There is a powerful scene in John van Druten’s Flowers of the Forest in which Reverend Percy Huntbach, his wife Mrs Huntbach and their daughter Mercia almost spit out their venomous hatred of the Germans: the Germans are “devils”; “the huns are monsters”; “Germans have got to be stamped out”.
It’s October 1914, and the Huntbachs are joined by two young men about to fight in the trenches. One, Tommy, says controversially that Germany is, like France and Britain, losing its fair share of innocent young men, and appeals to the Reverend’s Christianity to value their human lives. Not so, says Huntbach. The only life of value to him is that of the spirit.
It’s a conversation that now sounds shocking, sitting in a theatre almost exactly one hundred years later. But it’s not as if such bigotry has disappeared: we only have to look at the way much of the media writes about the Muslim community; the massive increase in attacks on UK mosques; the alienation of more and more young Muslim men that drives them to join extremist groups.

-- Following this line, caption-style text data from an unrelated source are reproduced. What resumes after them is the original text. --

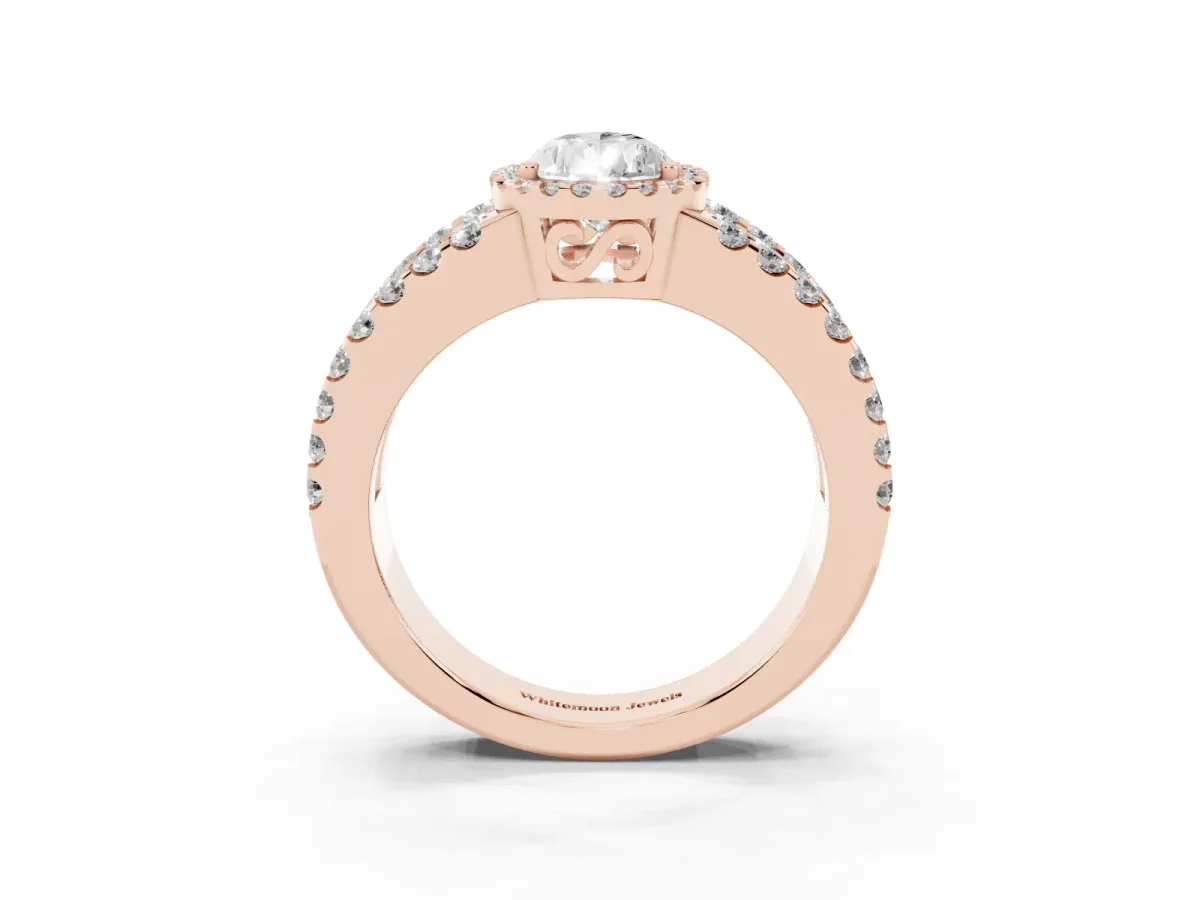 Pear Cut Cut Halo Split Shank Diamond Ring with Four-Prong Setting Rose gold
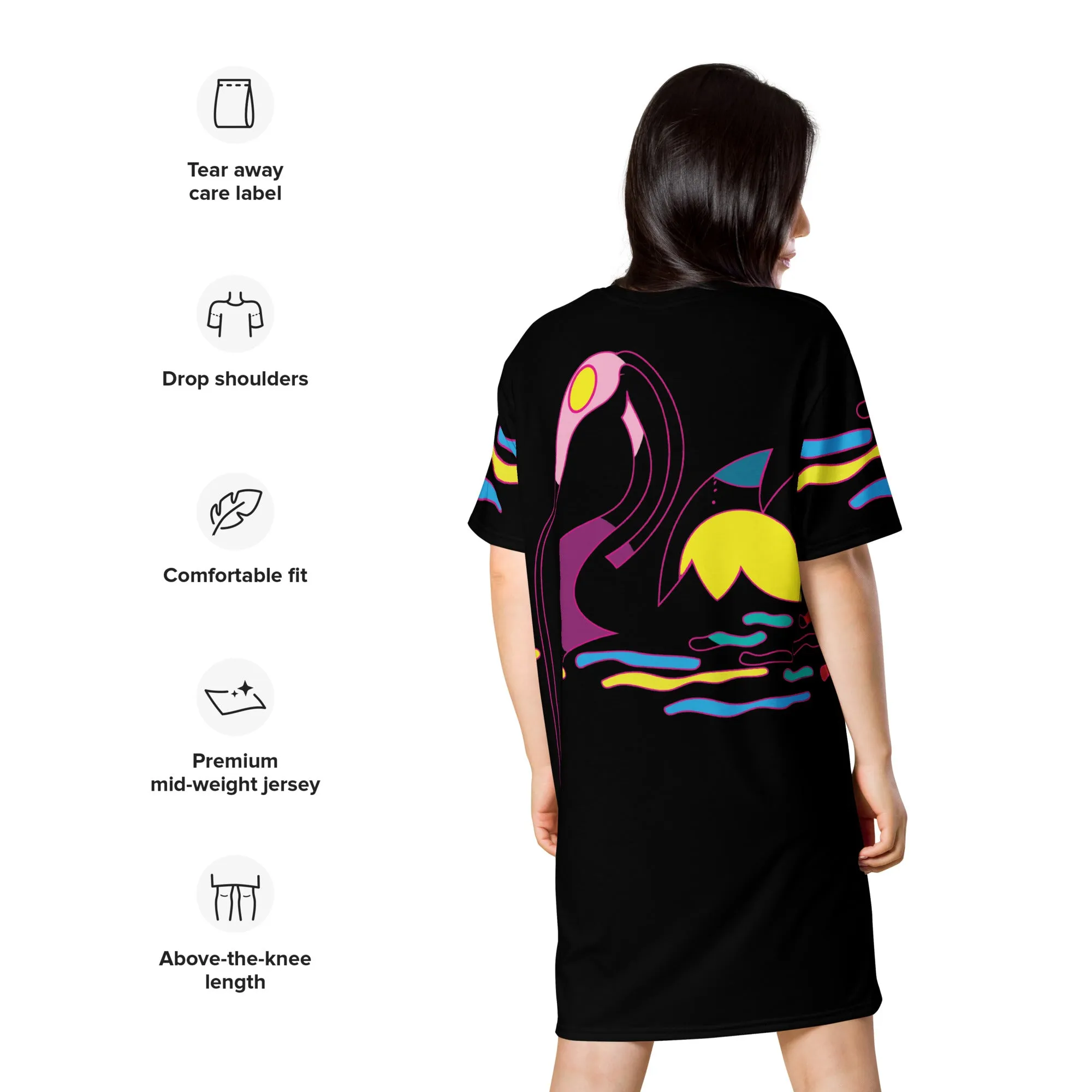 Black Swan T-Shirt dress | Graphic Print T-shirt Dress | Elevate Your Wardrobe with Art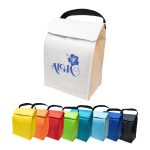 A white cooler lunch bag with a logo, surrounded by colorful cooler bags in yellow, orange, red, green, blue, and black.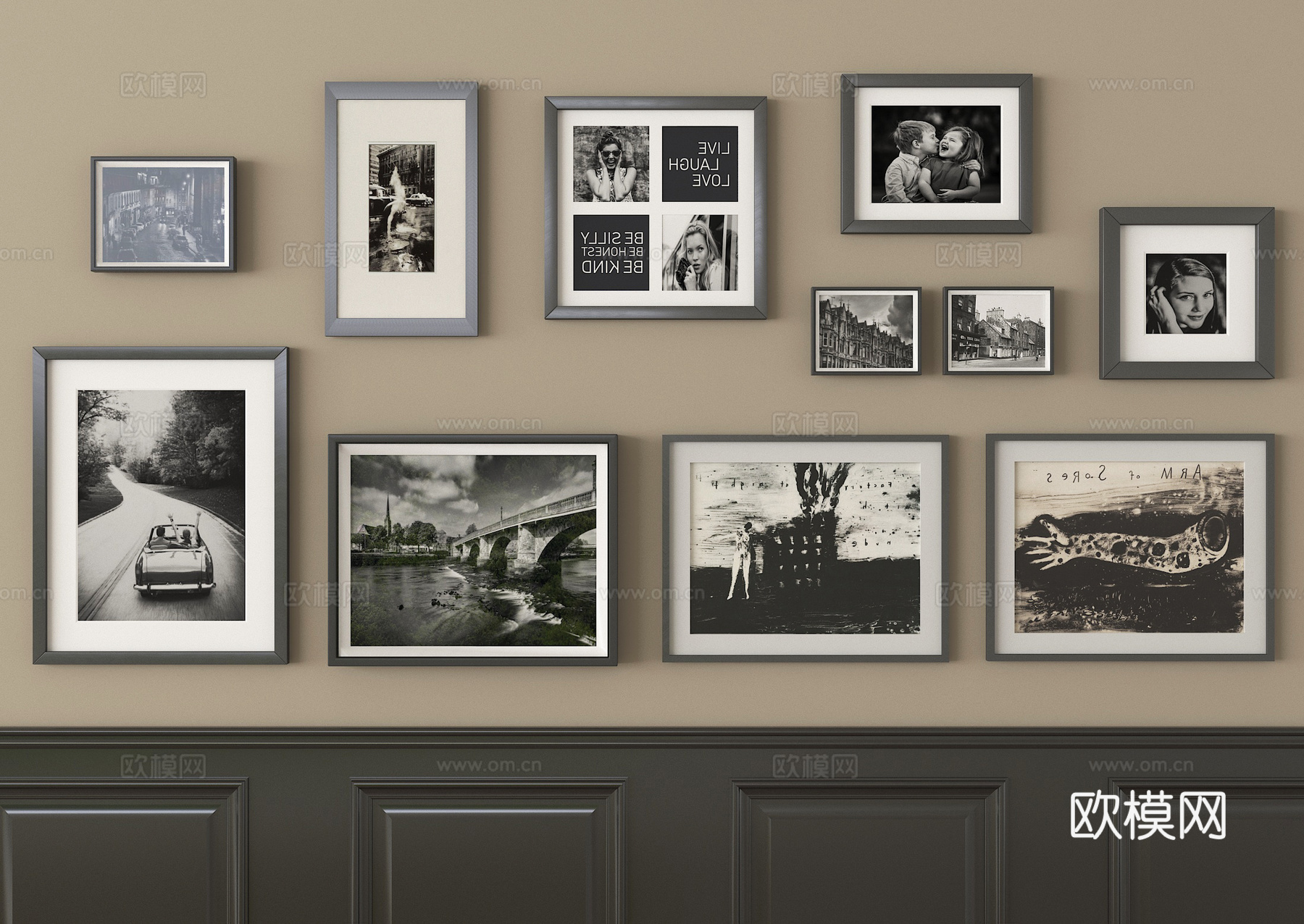 现代相框 画框 复古照片墙su模型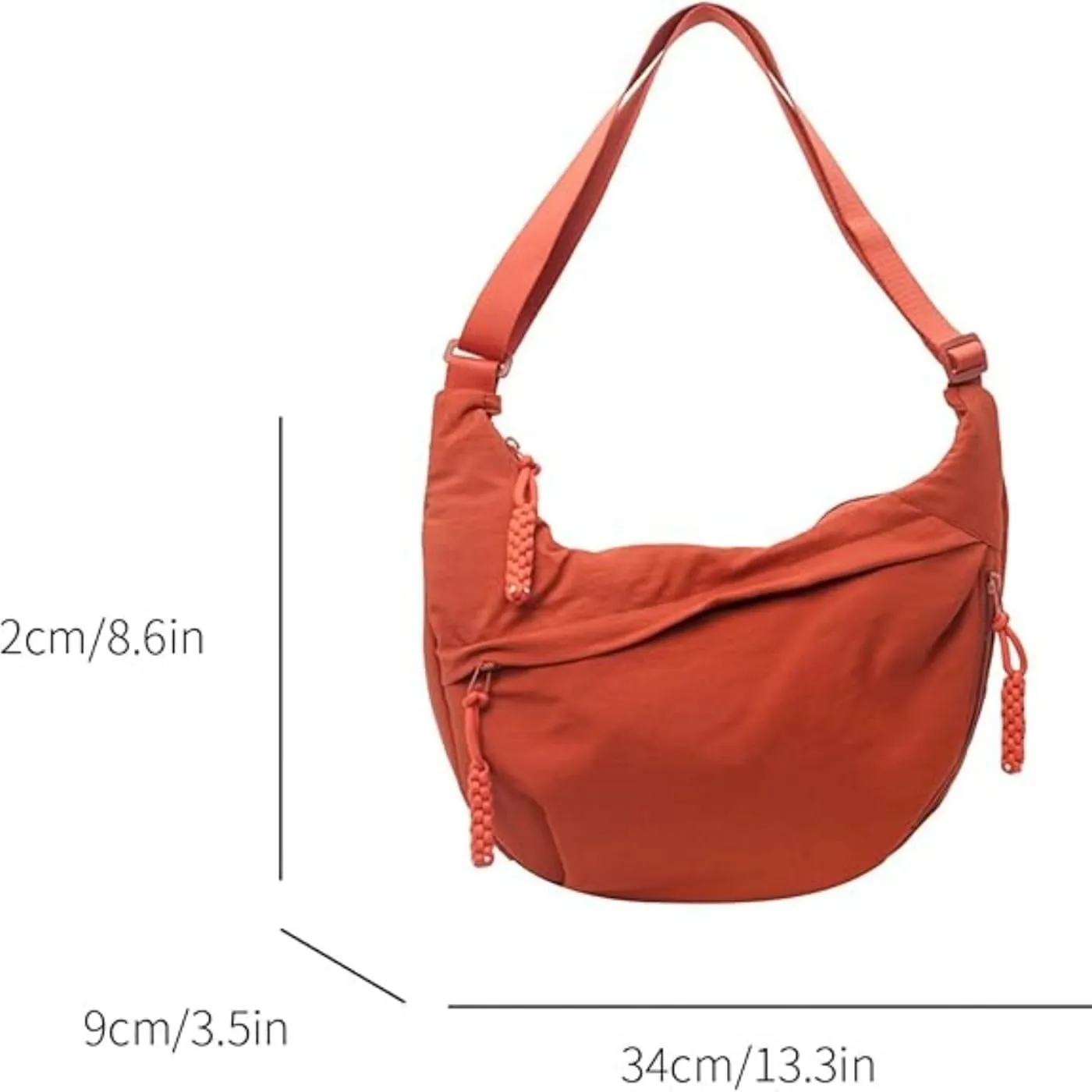 Nylon Crescent Crossbody Bag for Womens,Retro Canvas Bag,Trendy Casual Sling Bag Lightweight with Adjustable Strap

When director Anthony Biggs was given a copy of the play by a friend of his who’d found it in Swansea Library, it was these themes – conflict and intolerance – that rang true, and he found it to be “especially relevant as we contemplate new conflict in the Middle East and Ukraine.”
The play was all but lost and this revival marks the first time it has been performed in the UK since the Second World War. As well as shining a light on the First World War and its aftermath, the moral questions it raises – primarily, is it worth sacrificing scores of young men in the interest of one’s country – could not have come at a more pertinent moment than in the same week MPs voted on military action in Iraq for the third time in 25 years.
Biggs chooses to transport us back to the first half of the twentieth century, care of marvellously detailed set and costumes by Victoria Johnstone. The first act is set in 1934, in the home of Lewis and Naomi Jacklin, who idle away the hours sipping gin cocktails and discussing art on the chaise longue. Naomi, played with intrigue and an air of mystery by Sophie Ward, is involuntarily reminded of her past, firstly by the arrival of her sister Mercia, and secondly by Leonard, a young man who suffers from tuberculosis. Both talk animatedly of a man named Richard – Naomi’s lost love who died in the war.
To fill in the gaps van Druten transports us back in time, firstly to 1914, and then to 1916. The play ends back on that same evening in 1934. Van Druten makes rather obvious comparisons between past and present, this character and that. Leonard may die from his illness, we learn, which will leave a young woman, Miss Hodgson, heartbroken: Naomi, having gone through the same ordeal, consoles her.
Naomi and Mercia are a stock pair of bickering sisters who couldn’t be more different from one another: Naomi calm and poised, Mercia sullen, negative, and always, always moaning. “Your lives are based on standards that don’t mean anything to me!” Mercia cries, rather melodramatically. Their relationship risks being cliche, and Mercia risks being insufferable, but both performances go beyond that: Debra Penny as Mercia in particular turns her into a source of comedy.
Other elements are less powerful. A shift into supernatural territory at the end feels unexpected and unnecessary, but the strengths of the rest of the production more than carry it along.